Welcome to the Puritan JungleEver since Bookslut has taken off, we haven't had time to review books the same way we used to. Originally, we tried to judge books on their literary merits, after giving them a close reading and careful analysis. Those days are gone. Time constraints have forced us to make judgements about books based solely on (a) their cover art, and (b) how easily they can be made into parlor games. It is admittedly not a perfect system for reviewing books, but it's still better than Salon.
I'm happy to report that The Puritan Jungle, Sara Harris' looooooong-out-of-print
1969 book about "America's flourishing sexual subculture, where
anything goes," is an unqualified success on both counts. The cover features a watercolor painting of two couples in various states of undress. The women are wearing only underwear, and look bored and disaffected, or possibly both. The men are both wearing tight pants and no shirts. They have nice pecs. They both look about 50. I don't think this was intentional, as 50-year-old men very seldom have chests as rock-hard as these guys. In spite of the scantily clad women next to them, the men also seem bored. They are not visibly erect, which seems odd, as the women are hot in a watercolor sort of way. Perhaps they're gay. Luckily for them, anything goes in America's "shocking sexual wasteland," where one can encounter "prostitutes, pimps, homosexuals, vice cops, (and) wife swappers." (This is an easy joke -- that's why I made it -- but I grudgingly admit that author Harris is unusually progressive, particularly on the issue of gay rights, for a mainstream journalist writing in 1969.)
So the cover art is good. But it's the parlor game that really sells it. You can make your own up, but the one I've had the most success with is one in which you read a randomly selected sentence from the book, and then try to guess what the next sentence is. I call it "Read a Randomly Selected Sentence from the Book and Then Try to Guess What the Next Sentence Is." It's absolutely loads of fun, and can be made into a drinking game easily. The great thing about this game is it requires no context, and no expenses outside a copy of this book (which you can probably find used for fifty cents), and depending on your disposition, a bottle of some form of grain alcohol. Hardcore players will be able to excel at this game with almost no prompting, but for the beginners, I present some sample questions in multiple choice format. It's like the SAT, but with more allusions to fucking. Give yourself a point for every correct answer and see just what kind of Puritan you are.
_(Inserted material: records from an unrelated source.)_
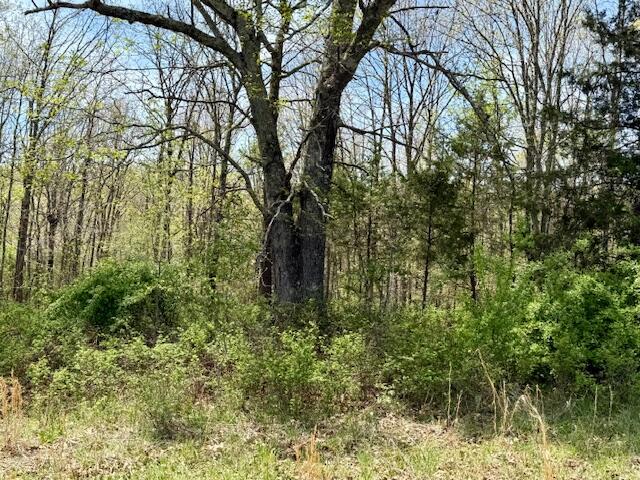 000 Highway 76 Property Photo 10
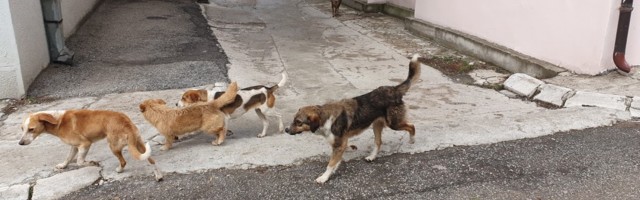 Sprovedena akcija hvatanja pasa lutalica u Prijepolju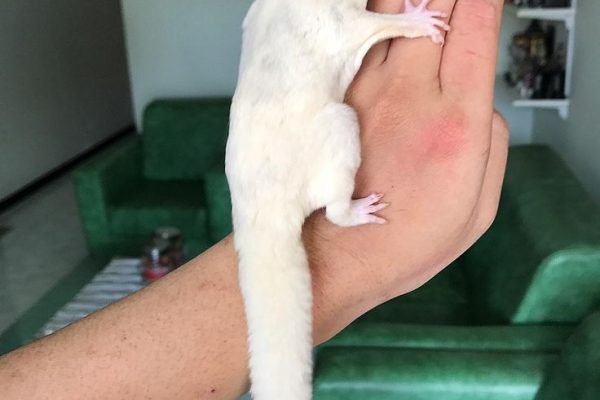 _ - 2026-01-02T131212.343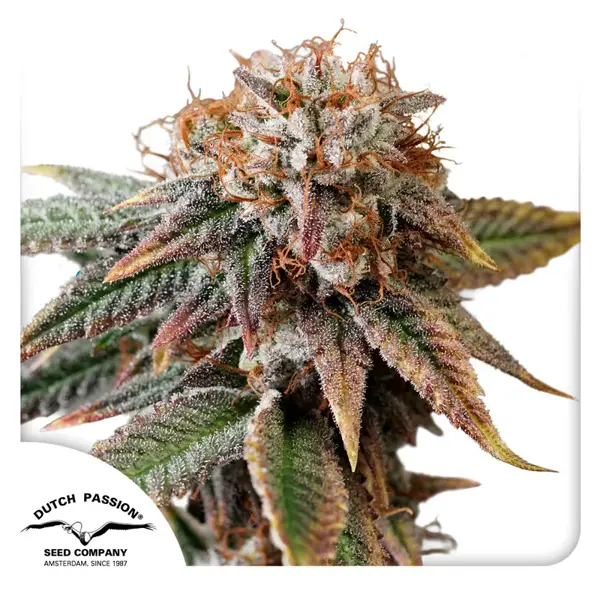Kingston Punch Auto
1. "He tenderly places an arm around her shoulder, covered with the half-torn Alencon-trimmed nightgown. 'You poor darling,' he says. 'You can count on me to stand by you, no matter what happens.'" (27)
a. "No fool he!"
b. "He fingered the lace, equally tenderly. 'Is that point d'Espagne?' he asked with evident tenderness. 'No, it's Alencon,' she replied in a tender voice. 'But many people make that mistake.' Then they had sex."
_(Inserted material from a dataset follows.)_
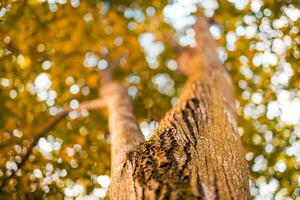 Tree bark. Dreamy autumn forest nature, closeup of tree trunk with blurred leaves and sky. Beautiful fall leaves trees photo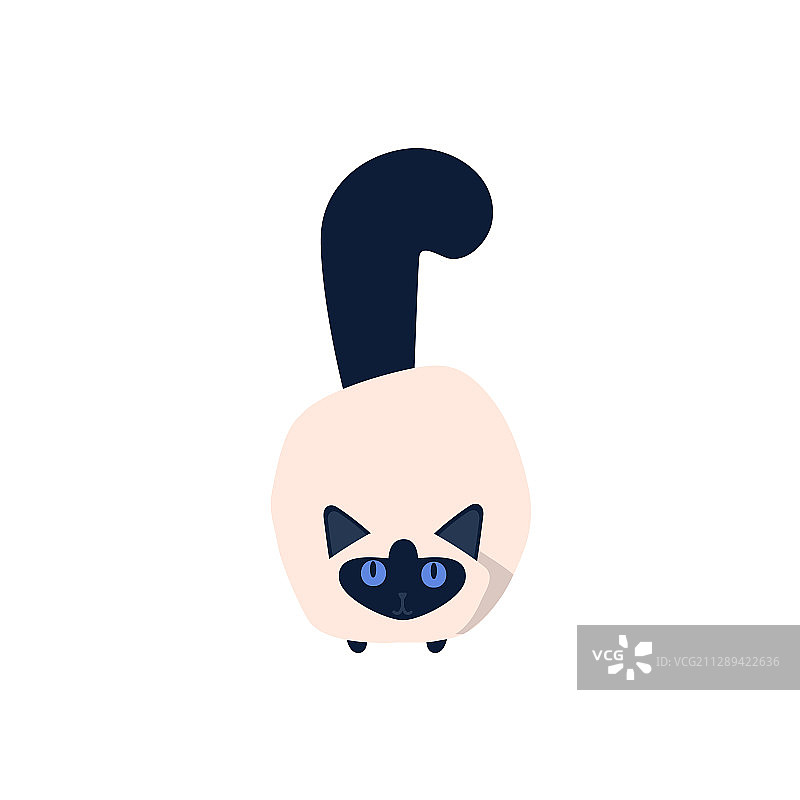 无忧无虑的缅甸猫图片素材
c. "'You should really get that lace repaired,' he said, not without tenderness. 'Allow me to give you the name of my lace conservator. He's the best.' She sighed and gazed tenderly at him. 'If only I could find someone to repair...my heart.'"
d. "They fell silent and could hear the shouts of street youths mixed with the impatient honks of speeding cars. 'It sure is a jungle we're living in,' he said. 'Yes,' she replied. 'A Puritan jungle.'"
2. "Many swappers, though not all by a long shot, are exhibitionists." (77)
a. "They like to have themselves photographed in exotic sex positions."
b. "They like to have themselves photographed in sex positions, but not exotic ones. That's where they draw the line."
c. "They like to have themselves photographed standing next to cardboard cutouts of celebrities. They then like to show these photographs to their friends and see if they can convince them that they actually met these celebrities."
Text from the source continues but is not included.